Superintendent Susan Swartz told the Board of Education on Monday that Scotia-Glenville, as a way of dealing with declining secondary enrollment, is looking into sharing classes with other school districts over the Distance Learning Network.
“We have talked to Burnt Hills-Ballston Lake but we are talking to other school districts as well,” Swartz said, noting that BHBL is part of the Capital Region BOCES’ Distance Learning Network. “We are looking at where we can leverage teachers at both school districts. We want to find a way to continue offering everything we can for students.”
She is looking specifically at German, technology and business courses, she said, noting that they tend to have lower enrollments. “We also have courses that their students may want to take,” she added.
Distance Learning involves students at several school districts taking classes from one teacher over the internet with television monitors and audio capabilities in both classrooms. For example, a teacher at BHBL may teach a class that students in other schools want to take, so they tune in through Distance Learning. As well, an S-G teacher may offer a class that will be broadcast out to three or four other school districts.
“We need to right-size what we offer based on our enrollment,” she said, noting that Middle School enrollment has dropped by 13% since 2011 and high school enrollment has dropped by 14% since 2011.
She also said that with the ongoing teacher shortage, sharing staff with other school districts may be a good way to continue offering the classes that SG has always offered.
Community vote is Tuesday, May 17
The community votes on the 2022-23 budget, a $385,000 bus purchase proposal and Board of Education candidates from 7 a.m. to 9 p.m. on Tuesday, May 17 in the B-wing gym at the high school.
Scotia-Glenville’s maximum allowable state tax levy increase
for 2022 – 2023 is 1.62%, or a $502,287 tax levy increase. The first draft budget spending increase of 3.78% reflects a shortfall of $1.09 million, the amount that would need to be reduced to reach the allowable tax levy limit. The board has also indicated to the state comptroller’s office that it planned to exceed the tax levy increase, which would require a 60% approval rate at the polls. That decision to the comptroller’s office can be reversed.

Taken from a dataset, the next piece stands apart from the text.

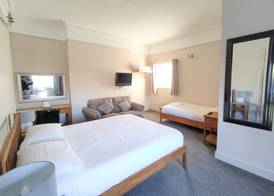 Woodcote Hotel 5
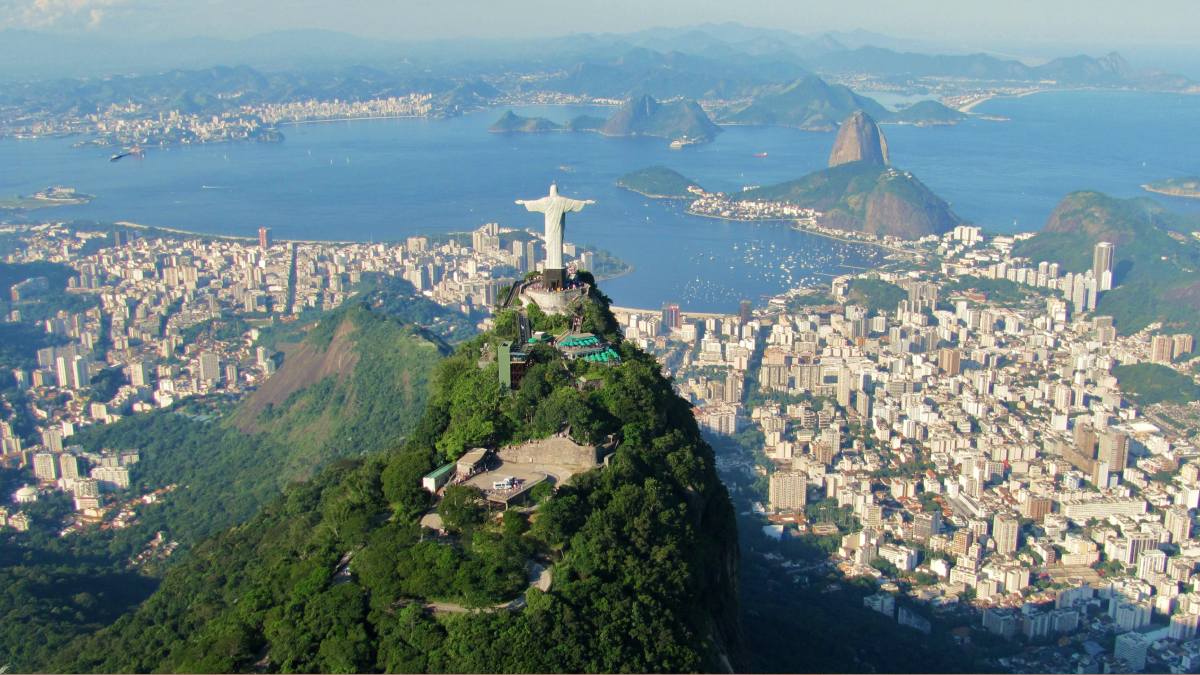 No Rio de Janeiro, o cenário não é exatamente confortável. Embora não lidere o ranking, a cidade segue entre as piores do país em congestionamento, com média de 18 minutos e 50 segundos para percorrer 10 km.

Board members had asked about German specifically. S-G has one German teacher who teaches 49 students in grades 7-12. The district would want to ensure that all students who wanted to take German until they take Checkpoint B in grade 11 have that opportunity. Swartz said that, if German were ended, that those students would then want to take French or Spanish, which could lead to hiring staff.
At the March 7 meeting, Swartz said she hoped to capture four elementary positions to keep vacant in the budget – two retirements and two resignations. Staff would be shifted to fill the vacancies.
She also reiterated to the board the need to plan once the federal Cares Act funding expires in June 2023. She would like to keep as many of the newly added positions as possible once the 2023-24 budget begins. To do that, however, she said the board needs to set aside money in the upcoming budgets to ease that transition. She specifically mentioned the School Resource Officer and Athletic Trainer. Her first draft budget includes $50,000 toward the SRO and $15,000 toward the Athletic Trainer.